[Short descriptive text snippets]

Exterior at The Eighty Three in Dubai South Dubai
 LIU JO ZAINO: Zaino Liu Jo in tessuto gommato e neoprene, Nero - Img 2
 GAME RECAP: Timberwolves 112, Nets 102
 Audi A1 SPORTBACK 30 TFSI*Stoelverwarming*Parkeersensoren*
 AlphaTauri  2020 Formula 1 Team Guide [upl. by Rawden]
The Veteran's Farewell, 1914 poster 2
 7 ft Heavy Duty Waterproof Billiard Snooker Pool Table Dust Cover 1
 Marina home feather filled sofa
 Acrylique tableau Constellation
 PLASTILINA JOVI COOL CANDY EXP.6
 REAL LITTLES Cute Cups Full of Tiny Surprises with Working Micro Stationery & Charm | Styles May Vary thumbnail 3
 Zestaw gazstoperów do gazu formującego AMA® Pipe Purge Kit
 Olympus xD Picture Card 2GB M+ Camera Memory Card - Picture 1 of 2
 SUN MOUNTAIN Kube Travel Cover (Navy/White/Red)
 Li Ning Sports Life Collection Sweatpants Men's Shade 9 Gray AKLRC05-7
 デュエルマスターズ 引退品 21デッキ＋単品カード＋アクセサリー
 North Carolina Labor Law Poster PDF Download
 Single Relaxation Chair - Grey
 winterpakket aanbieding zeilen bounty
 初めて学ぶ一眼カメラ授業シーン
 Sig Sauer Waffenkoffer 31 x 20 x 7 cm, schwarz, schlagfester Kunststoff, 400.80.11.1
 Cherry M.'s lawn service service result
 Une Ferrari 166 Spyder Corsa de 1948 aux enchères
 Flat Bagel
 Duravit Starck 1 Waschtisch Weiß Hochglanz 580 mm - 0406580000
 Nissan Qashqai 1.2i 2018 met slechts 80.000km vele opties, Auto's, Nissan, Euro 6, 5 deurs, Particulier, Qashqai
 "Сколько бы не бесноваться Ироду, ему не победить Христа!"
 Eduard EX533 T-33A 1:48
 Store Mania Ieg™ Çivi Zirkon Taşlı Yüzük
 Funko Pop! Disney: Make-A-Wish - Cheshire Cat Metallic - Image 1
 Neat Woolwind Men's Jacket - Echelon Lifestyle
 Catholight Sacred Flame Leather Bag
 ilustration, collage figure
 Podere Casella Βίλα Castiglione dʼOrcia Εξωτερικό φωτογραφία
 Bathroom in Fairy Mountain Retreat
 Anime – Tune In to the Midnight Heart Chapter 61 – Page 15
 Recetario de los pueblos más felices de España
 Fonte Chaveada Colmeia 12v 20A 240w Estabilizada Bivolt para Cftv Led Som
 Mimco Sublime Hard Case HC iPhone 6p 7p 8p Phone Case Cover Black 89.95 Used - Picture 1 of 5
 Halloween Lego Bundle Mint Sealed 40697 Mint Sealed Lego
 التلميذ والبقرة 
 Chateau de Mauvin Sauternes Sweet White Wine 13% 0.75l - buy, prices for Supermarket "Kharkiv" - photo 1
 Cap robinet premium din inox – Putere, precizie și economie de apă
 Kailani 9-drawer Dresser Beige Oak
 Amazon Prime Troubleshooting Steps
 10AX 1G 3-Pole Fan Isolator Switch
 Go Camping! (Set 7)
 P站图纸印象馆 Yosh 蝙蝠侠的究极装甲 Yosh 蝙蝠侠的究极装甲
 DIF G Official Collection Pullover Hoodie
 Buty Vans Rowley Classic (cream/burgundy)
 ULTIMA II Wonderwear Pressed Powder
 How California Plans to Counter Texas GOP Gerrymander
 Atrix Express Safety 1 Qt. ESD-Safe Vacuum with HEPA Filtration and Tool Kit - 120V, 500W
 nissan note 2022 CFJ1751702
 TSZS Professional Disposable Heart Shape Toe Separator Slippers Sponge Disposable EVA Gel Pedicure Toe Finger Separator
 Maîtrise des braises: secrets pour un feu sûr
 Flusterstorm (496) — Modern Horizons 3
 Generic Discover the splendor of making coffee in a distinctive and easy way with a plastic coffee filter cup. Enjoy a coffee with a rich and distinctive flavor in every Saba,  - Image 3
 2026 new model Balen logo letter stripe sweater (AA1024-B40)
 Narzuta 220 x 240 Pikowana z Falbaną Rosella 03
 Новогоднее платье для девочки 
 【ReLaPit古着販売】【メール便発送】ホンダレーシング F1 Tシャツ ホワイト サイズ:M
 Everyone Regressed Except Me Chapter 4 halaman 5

• _Work to be completed_: There is a line with "Halloween Lego Bundle" and a line with "DIF G Official Collection Pullover Hoodie" above. Copy exactly those two lines and all lines between them, with nothing else.

• _Task answer_:
 Halloween Lego Bundle Mint Sealed 40697 Mint Sealed Lego
 التلميذ والبقرة 
 Chateau de Mauvin Sauternes Sweet White Wine 13% 0.75l - buy, prices for Supermarket "Kharkiv" - photo 1
 Cap robinet premium din inox – Putere, precizie și economie de apă
 Kailani 9-drawer Dresser Beige Oak
 Amazon Prime Troubleshooting Steps
 10AX 1G 3-Pole Fan Isolator Switch
 Go Camping! (Set 7)
 P站图纸印象馆 Yosh 蝙蝠侠的究极装甲 Yosh 蝙蝠侠的究极装甲
 DIF G Official Collection Pullover Hoodie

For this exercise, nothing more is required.